--- Recorded information ---
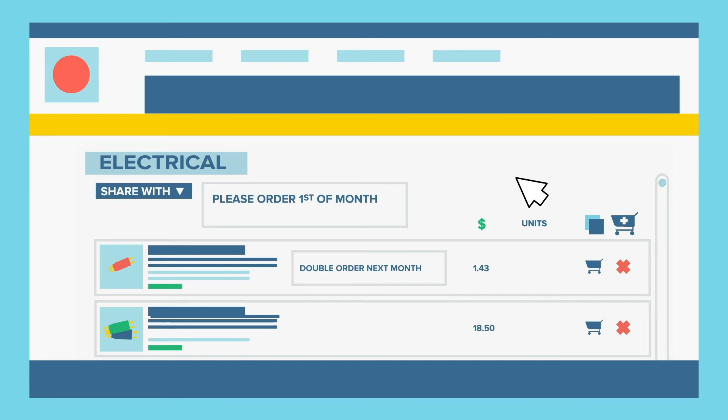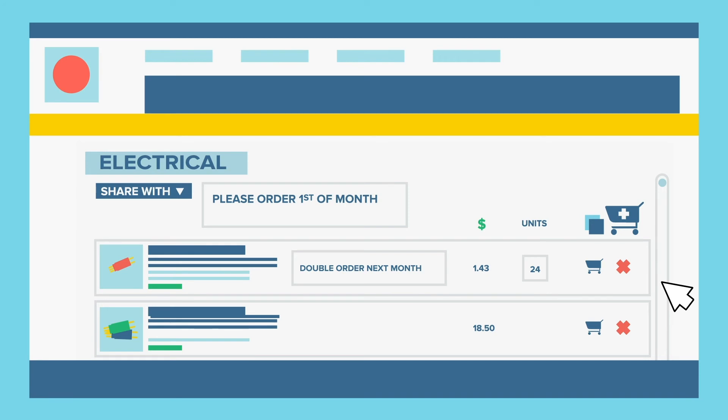Best of all, product lists make the ordering process as simple as specifying quantities and pressing the Add All Items to Cart button. Because pricing and availability for each product is clearly shown, users never have to leave the product list page to order what they need.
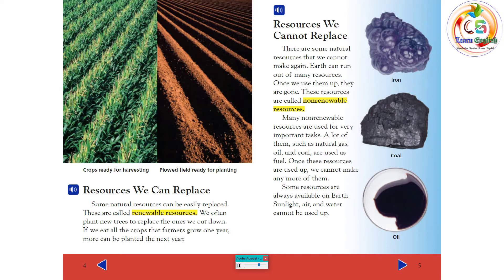are used as fuel. Once these resources are used up, we cannot make any more of them. Some resources are always available on Earth. Sunlight, air, and water cannot be used up.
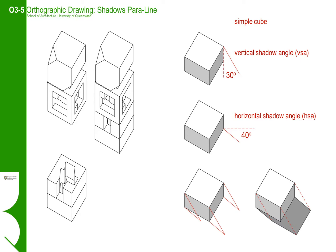From this singular form, we will construct our shadow. For this instructional, I will be using a vertical shadow angle of 30 degrees and a horizontal shadow angle of 40 degrees. For your own shadow constructions, you can choose your own values, but the shadow must fall from the left to the right of the page.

--- Problem details ---
Please copy exactly the lines from the one that contains "are used as" through the last line of the listing above, leaving out the pictures.

--- Solution to this problem ---
are used as fuel. Once these resources are used up, we cannot make any more of them. Some resources are always available on Earth. Sunlight, air, and water cannot be used up.
From this singular form, we will construct our shadow. For this instructional, I will be using a vertical shadow angle of 30 degrees and a horizontal shadow angle of 40 degrees. For your own shadow constructions, you can choose your own values, but the shadow must fall from the left to the right of the page.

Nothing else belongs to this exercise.